Related businesses “are in bad shape,” according to Tan Kok Liamg, President of the Malaysian Association of Tourism and Travel Agents (MATTA), because of “regulatory constraints imposed by the government.”

Before the pandemic, Malaysia’s annual visitor numbers were often the second highest in South-east Asia after Thailand, with tourism typically making up between 5 and 10 per cent of gross domestic product (GDP).

“As borders have remained closed for the last 18 months and with just a small travel bubble for Langkawi, we plead with Tengku Zafrul to provide targeted assistance,” Tan said, referring to the finance minister.

Malaysia last week reopened Langkawi, a set of holiday islands, to vaccinated or immune domestic tourists

But the government has kept the country’s border closed to almost all visitors since March 2020 and has said recruitment of foreign workers would not resume until next year, despite linchpin factories and plantations complaining of staff shortages.
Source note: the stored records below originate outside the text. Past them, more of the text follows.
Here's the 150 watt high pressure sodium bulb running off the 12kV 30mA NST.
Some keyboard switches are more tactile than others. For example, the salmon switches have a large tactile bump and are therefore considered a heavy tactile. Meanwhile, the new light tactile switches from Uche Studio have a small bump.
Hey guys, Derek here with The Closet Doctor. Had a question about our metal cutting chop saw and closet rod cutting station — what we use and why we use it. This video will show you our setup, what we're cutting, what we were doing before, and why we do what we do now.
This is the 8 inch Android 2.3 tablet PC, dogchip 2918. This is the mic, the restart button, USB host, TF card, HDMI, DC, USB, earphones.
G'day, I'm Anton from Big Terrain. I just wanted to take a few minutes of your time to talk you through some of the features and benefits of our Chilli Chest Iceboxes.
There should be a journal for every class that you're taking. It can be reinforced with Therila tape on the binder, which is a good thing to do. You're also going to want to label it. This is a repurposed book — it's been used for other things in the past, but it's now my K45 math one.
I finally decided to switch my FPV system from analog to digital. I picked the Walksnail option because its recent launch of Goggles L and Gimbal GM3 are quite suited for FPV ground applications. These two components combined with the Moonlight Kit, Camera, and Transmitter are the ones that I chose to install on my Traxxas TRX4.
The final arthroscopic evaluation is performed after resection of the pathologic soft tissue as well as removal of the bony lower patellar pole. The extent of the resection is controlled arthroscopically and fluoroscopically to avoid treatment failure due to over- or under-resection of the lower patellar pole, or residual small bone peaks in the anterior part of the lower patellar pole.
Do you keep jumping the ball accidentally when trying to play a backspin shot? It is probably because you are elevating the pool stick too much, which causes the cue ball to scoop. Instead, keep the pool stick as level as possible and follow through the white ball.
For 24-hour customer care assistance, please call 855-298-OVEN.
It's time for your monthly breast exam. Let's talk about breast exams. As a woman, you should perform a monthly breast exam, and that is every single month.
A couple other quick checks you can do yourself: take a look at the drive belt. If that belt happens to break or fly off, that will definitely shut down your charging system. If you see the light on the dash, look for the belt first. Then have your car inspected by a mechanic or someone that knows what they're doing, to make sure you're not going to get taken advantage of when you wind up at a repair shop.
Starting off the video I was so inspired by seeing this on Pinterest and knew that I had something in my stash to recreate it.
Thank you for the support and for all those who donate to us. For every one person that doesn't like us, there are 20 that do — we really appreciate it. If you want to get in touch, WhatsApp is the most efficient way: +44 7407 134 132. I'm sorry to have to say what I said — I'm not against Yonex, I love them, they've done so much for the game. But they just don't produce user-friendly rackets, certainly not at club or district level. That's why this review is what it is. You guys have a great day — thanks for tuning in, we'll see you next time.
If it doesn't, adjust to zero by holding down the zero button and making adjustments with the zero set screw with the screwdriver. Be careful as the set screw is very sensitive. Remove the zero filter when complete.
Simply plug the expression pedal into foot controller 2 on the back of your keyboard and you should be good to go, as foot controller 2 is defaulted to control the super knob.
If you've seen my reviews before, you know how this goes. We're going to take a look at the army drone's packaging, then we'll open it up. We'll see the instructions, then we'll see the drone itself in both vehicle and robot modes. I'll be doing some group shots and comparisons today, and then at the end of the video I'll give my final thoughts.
With almost 80 per cent of adults listed as fully vaccinated against the coronavirus, the government has rolled back some curbs imposed in May as part of a third national lockdown, including lifting limits on domestic travel.

The “total lockdown” failed to prevent a five-fold increase in daily coronavirus case numbers and surge in daily deaths from single to triple figures.

The crisis saw GDP contract in the second quarter and Muhyiddin Yassin replaced as prime minister last month by former defence minister Ismail Sabri Yaakob.